> **SOURCE DATA**
+ + + + +
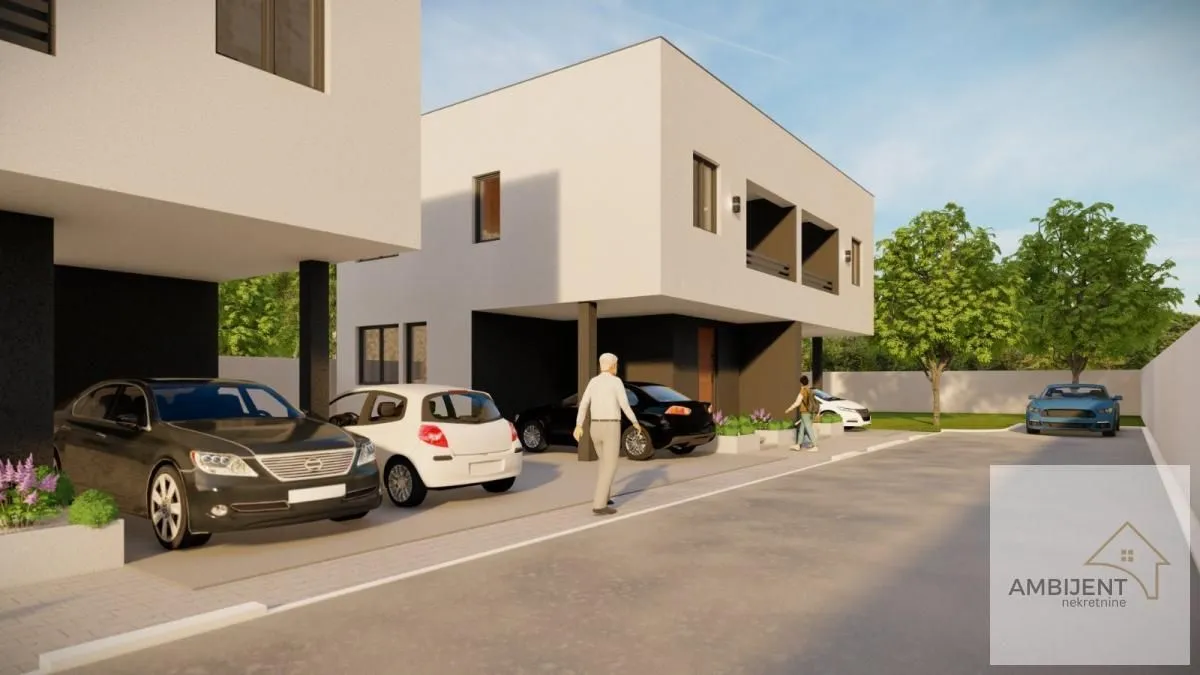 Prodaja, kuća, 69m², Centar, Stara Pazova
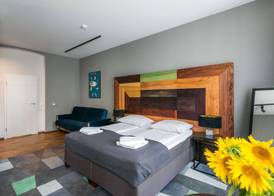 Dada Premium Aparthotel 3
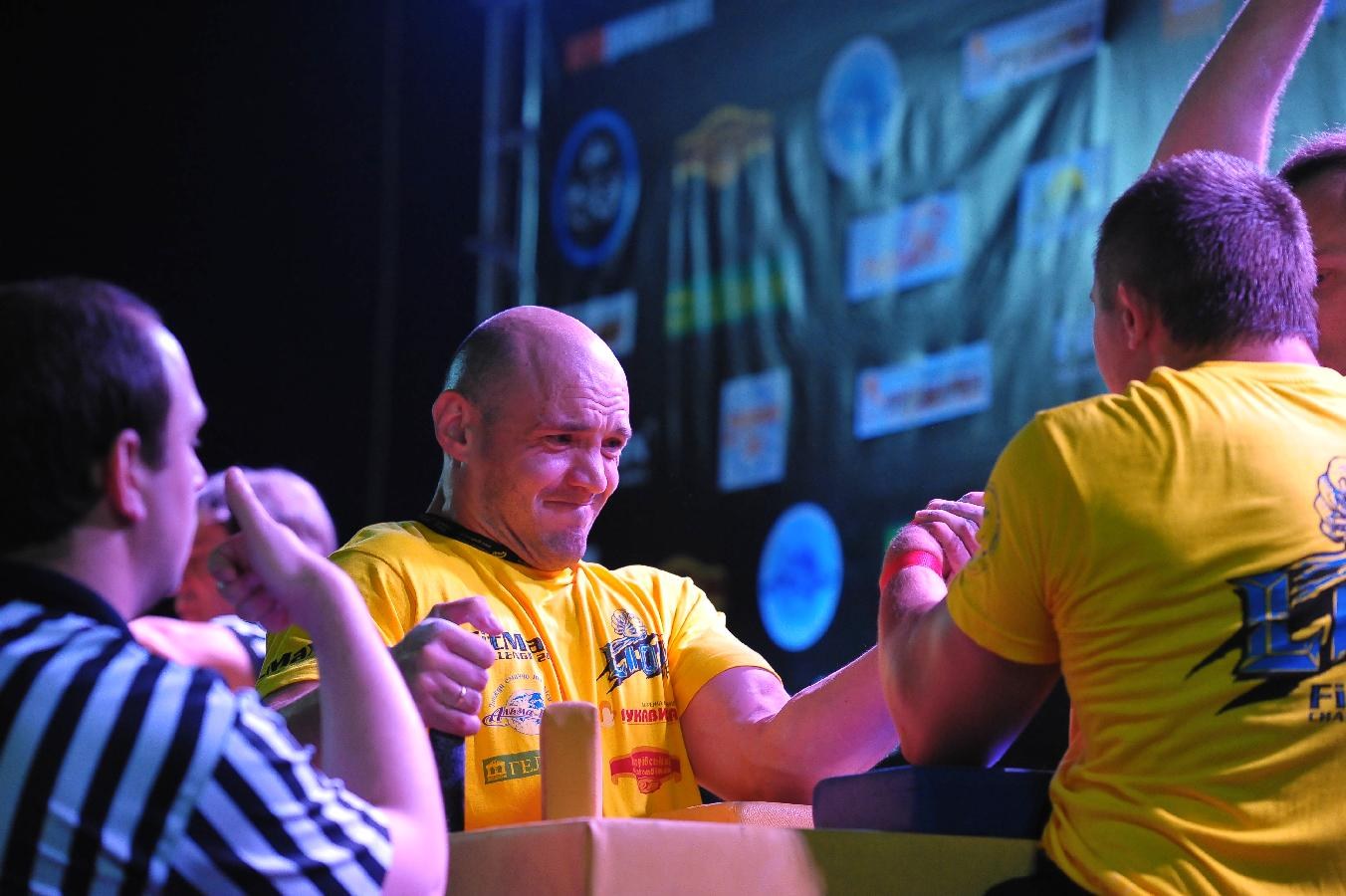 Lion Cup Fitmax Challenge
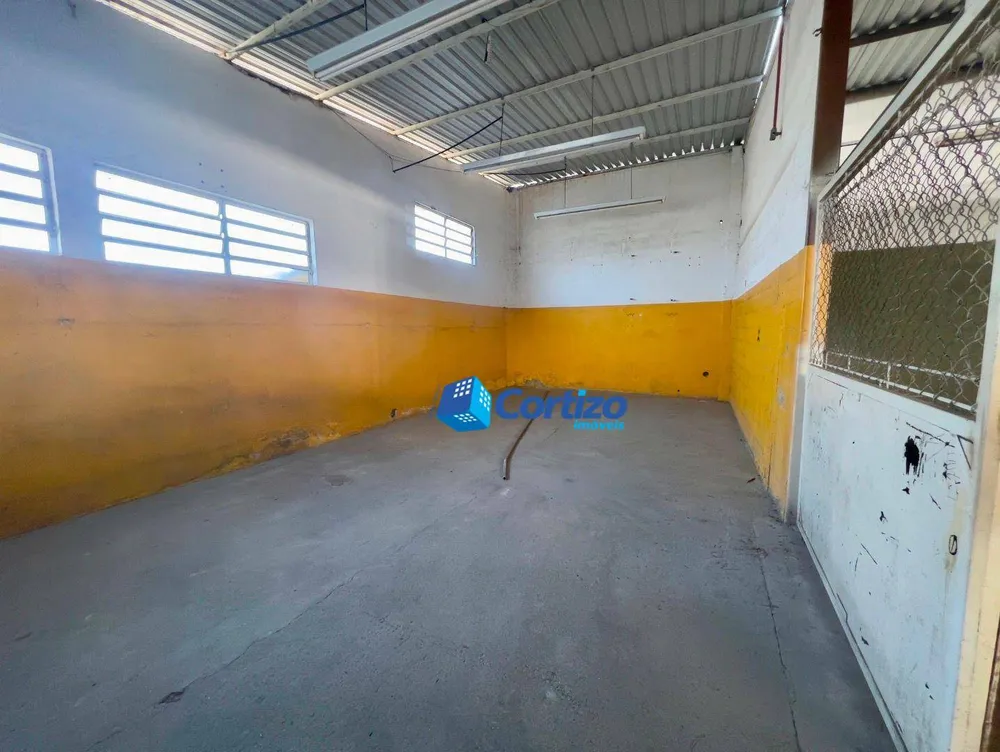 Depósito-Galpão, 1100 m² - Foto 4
+ + + + +
> **TASK**
Reproduce the lines above, exactly and exclusively, from the line containing "Dada Premium Aparthotel 3" down to the last line, both included; pictures are not part of the copy.

> **RESPONSE TO THIS TASK**
 Dada Premium Aparthotel 3
 Lion Cup Fitmax Challenge
 Depósito-Galpão, 1100 m² - Foto 4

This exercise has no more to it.